Many of my friends and colleagues have told me such changes must be made to keep ABC stores viable. If they aren’t profitable, then they can’t survive, so they say. In response, I draw attention to something spoken by the wisest person who ever lived. Jesus said that no man could serve two masters; either he will hate one and love the other. ABC cannot serve two masters. An ABC store is about control, or it has the potential to become just like any other private store based on profit. Privatization of liquor sales would be a disaster for public health and safety in North Carolina.

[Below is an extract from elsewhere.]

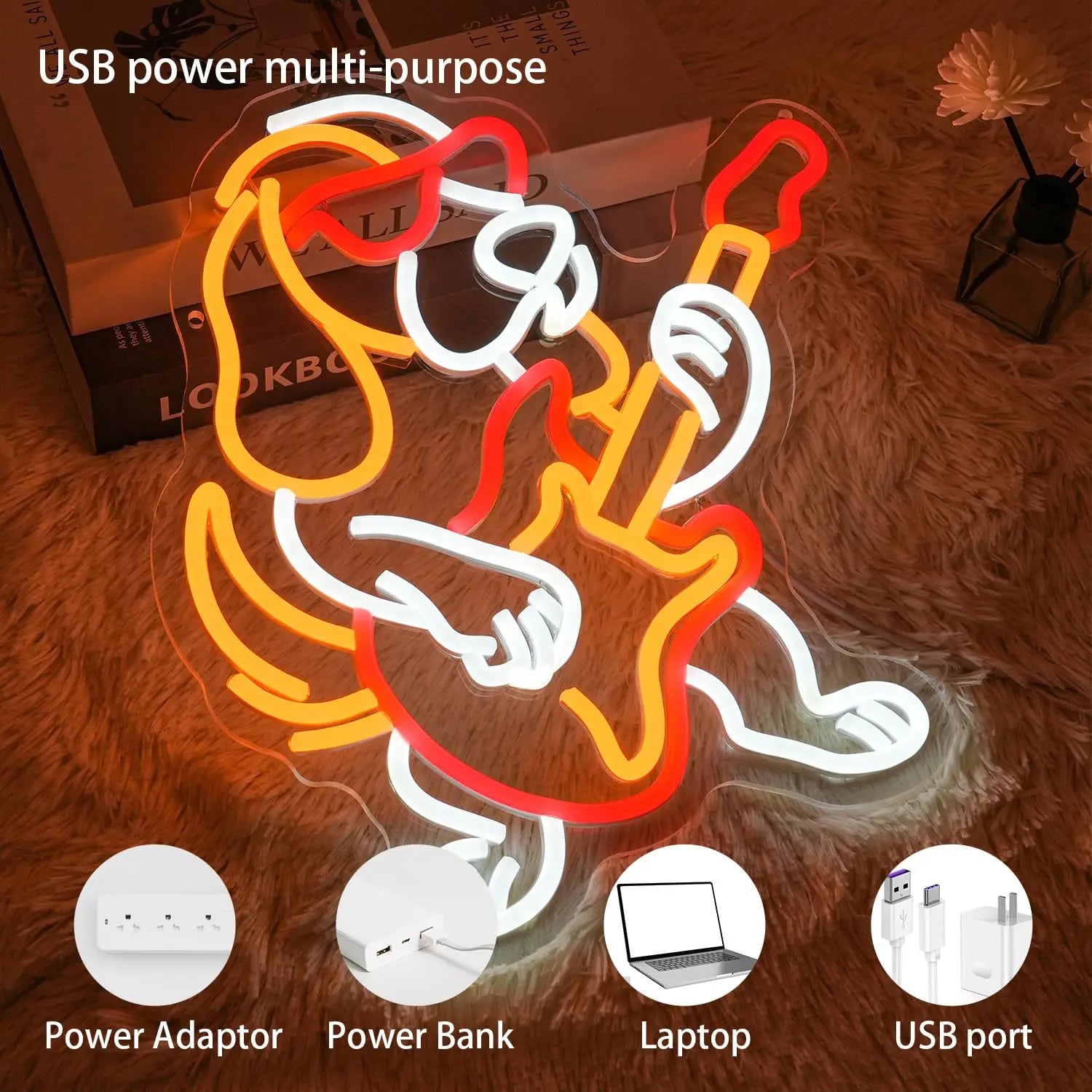 Dachshund Guitar Neon Sign Dimmable Dog Music LED Light Up Sign for Wall Decor Bedroom Living Room Store Party Animal Decor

Thank you, Mr. Chairman, and members of the Commission. I appreciate your time this morning. May God bless you and may God bless the great state of North Carolina.
Larry Etheridge from Elm City also spoke at the hearing on behalf of the Wilson County ABC Board. Etheridge had concerns about one section of the proposed rules which he said would negatively impact the fairness for all representatives of the spirits industry to participate in the tasting events. Because of Mr. Etheridge’s concerns, the Commission postponed taking any vote on the rules until his concerns could be thoroughly vetted in another meeting.
Chairman “Zander” Guy concluded the meeting with expressions of appreciation for everyone who participated. Guy humorously singled Rev. Creech out in his remarks and said that he especially appreciated his “eloquent” speech and felt as though he had been to church for the week.